Конечно, нам, сегодняшним, хотелось бы с негодованием опровергнуть то, что Денис Иванович не только посещал, но и веселил недруга Никиты Ивановича; лучше б этого не было, даже если заразиться Екатерининой подозрительностью и поверить, что он бывал у Потемкина с шпионскими поручениями от Панина. Но вот документ; вот записка императрицы, адресованная вечному фавориту. Для документальности сохраняю орфографию:
«Сто леть, как я тебя не видала; как хочеш, но очисти горница, как прииду из комедии, чтоб приити могла, а то ден несносен будет и так ведь грусен проходил; черт Фанвизина к вам привел. Дабро, душенка, он забавнее меня знатно; однако я тебя люблю, а он, кроме себя, никого».
(К слову сказать, беспомощность Екатерины в российской орфографии — вплоть до легендарного «исчо» — покажется вовсе не этакой исключительной на тогдашнем фоне. Она-то хоть иноземка, но и у образованнейшей княгини Дашковой, урожденной Воронцовой, русское правописание коряво. И неудивительно: в юности читавшая Беля, Монтескье, Буало, Вольтера, Гельвеция, уже знавшая четыре языка, она сообщает как о некоей редкости и почти прихоти: «…а когда мы изъявили желание брать уроки русского языка, с нами занимался Бехтеев». Да что говорить, если пушкинская Татьяна и та по-русски почти не читала и вовсе не писала.)

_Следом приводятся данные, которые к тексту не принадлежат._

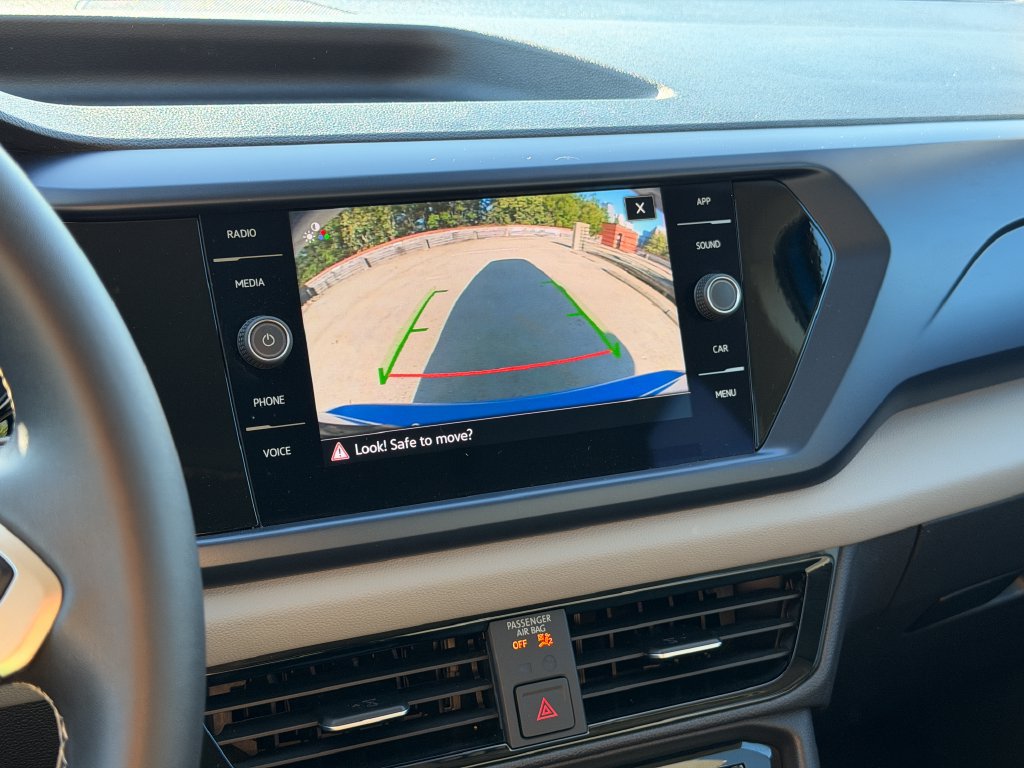 Certified 2023 Volkswagen Taos SE AWD/4WD image 18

Одним словом, нам с вами, читатель, придется утешиться только что испытанным способом: размышлениями о характере века, в коем всего, даже и добра общественного, трудно добиться без сильного покровительства. И еще тем, что Денис Иванович, как истинный друг, не оставлял Панина до смерти и чтил по смерти. Больше того, написал по его плану «Рассуждение о непременных законах». Можно сказать, воздвиг ему памятник — выше того, что, воцарившись, поставил воспитателю Павел в церкви Святой Магдалины, в Павловске. Выше, ибо также нерукотворный.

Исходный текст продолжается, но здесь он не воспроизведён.